Relay-Version: version B 2.10 5/3/83; site utzoo.UUCP
Posting-Version: version B 2.10.1 6/24/83; site alice.UUCP
Path: utzoo!watmath!clyde!burl!ulysses!allegra!alice!td
From: td@alice.UUCP (Tom Duff)
Newsgroups: net.astro
Subject: Re: Measurement of Light Years and Distance
Message-ID: <3049@alice.UUCP>
Date: Fri, 19-Oct-84 11:24:02 EDT
Article-I.D.: alice.3049
Posted: Fri Oct 19 11:24:02 1984
Date-Received: Sun, 21-Oct-84 11:35:42 EDT
References: <872@ihuxp.UUCP>
Organization: AT&T Bell Laboratories, Murray Hill
Lines: 59

The problem of measuring astronomical distance always puzzled me as well.
It turns out that it's all VERY indirect.  The distance to nearby (less than
a few parsecs) objects can be measured by parallax.  Because there is a slight
perspective shift when observing nearby stars from opposite ends of the earths
orbit, we can effectively triangulate their positions by measuring their angular
shift relative to the more distant (and therefore relatively stationary) stars.
The use of parsecs as a unit of distance is an artifact of this means of
measurement.  One parsec is the altitude of an isosceles triangle whose
base is the diameter of the earth's orbit and whose opposite-the-base angle
is one second of arc.  This is the distance to a star whose stellar parallax is
one second.

Now that I think of it,  I'm not sure how the diameter of the earth's orbit
would be measured.  I guess you could use the parallax from simultaneous distant
observations of planets to fix their orbits and then use Kepler's laws to
compute the size of earth's orbit.  (But, how did Kepler do the measurements
to establish his laws in the first place?)

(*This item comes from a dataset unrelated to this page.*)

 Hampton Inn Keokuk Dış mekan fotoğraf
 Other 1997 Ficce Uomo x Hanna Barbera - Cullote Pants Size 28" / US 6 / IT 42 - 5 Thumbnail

Anyway, the next step is to notice that the period of certain variable stars
(called Cepheid variables after the constellation in which the first one was
noticed) whose distance we can measure by parallax
is a function of their absolute brightness (i.e. the luminous flux at their
surface.)  Since we can measure the period and apparent brightness of Cepheid
variables, we can use the fact that apparent brightness decreases by an inverse square law to
compute the distance to many stars whose parallax is too small to measure.
In fact, distances to nearby galaxies can be measured by observation of
particularly bright Cepheids within them.  This is how it was first established
that the spiral nebulae were much farther away than any star in the galaxy,
and that there were in fact other galaxies.  (Imagine being the first person to
recognize that the universe isn't just thousands of light-years wide, but millions!)

The next step (due to Edwin Hubble?) is to notice that all the galaxies whose
distance we can measure seem to be moving away from us with a velocity that
varies directly with their distance (i.e. the universe is expanding.)  We
can measure their velocities by looking at the amount of Doppler shift of certain
characteristic lines of their spectra.  This is how the distances of the most
distant objects in the universe are measured.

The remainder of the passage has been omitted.